Nor do we fully understand how women choose a course of action after cesarean delivery—except that the decision is almost always multifactorial. Competing voices—health care provider, family members, friends, media, and a woman’s own memory of her previous delivery—and her emotional state—all contribute to the decision.

HOW TO APPLY THE DATA TO PRACTICE

Clearly, a trial of labor after cesarean delivery can be safe for many women. Successful vaginal delivery is associated with a very low risk of adverse outcomes and may be associated with a lower risk of minor morbidity than is elective repeat cesarean. In fact, the overall success rate for a trial of labor after cesarean is not that different from the success rate for nulliparous women undergoing induction of labor.19 Even so, patients should understand that operative delivery may be necessary, and the physician and hospital must be prepared for this eventuality in accordance with ACOG guidelines.

As I interpret the data, if a woman has undergone one low transverse cesarean delivery for a nonrecurring condition and a nonmacrosomic fetus, a trial of labor after the spontaneous onset of labor should be strongly encouraged. If she has already delivered vaginally in the past, or had a successful VBAC, she is an even better candidate for a trial of labor. In such a case, labor induction with mechanical cervical ripening or appropriate use of oxytocin, or both, may still be appropriate, but the likelihood of success is lower.

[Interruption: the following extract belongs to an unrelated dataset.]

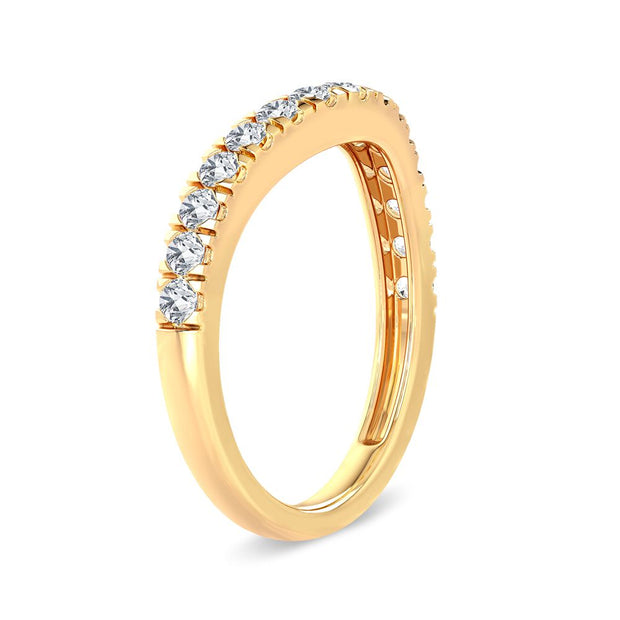 14K yellow gold 0.50 ctw Diamond Enhancer Band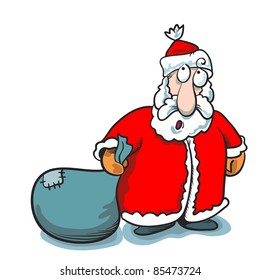 Santa Claus Christmas illustration.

If a woman has a history of more than one cesarean delivery without a vaginal birth, she may be better served by scheduled repeat cesarean delivery. The same holds true for women who have a history of preterm cesarean delivery, a short interpregnancy interval, suspected macrosomia, or an unengaged fetal vertex.

Decision-making about delivery should be shared between the provider and patient, after thorough counseling about the risks and benefits in language the patient can easily comprehend.

It would be best to avoid having to make a decision about VBAC by preventing the initial cesarean delivery.

How risky is repeat cesarean?

We are all acutely aware of the skyrocketing rate of cesarean delivery, which reaches 35% to 41% in some areas. Most studies indicate that approximately 50% of all cesarean deliveries are repeat cesarean deliveries. Besides the risks associated with the operation itself, planned repeat cesarean has significant downstream implications for the mother and baby—and for society. For example, multiple cesarean deliveries pose an ever greater risk of abnormal placentation and maternal hemorrhage. Cesarean delivery without labor can also heighten the risk of neonatal respiratory compromise, temperature instability, and slow feeding.1 Cesarean delivery and its longer attendant hospitalization markedly increase costs throughout an already strapped health care system.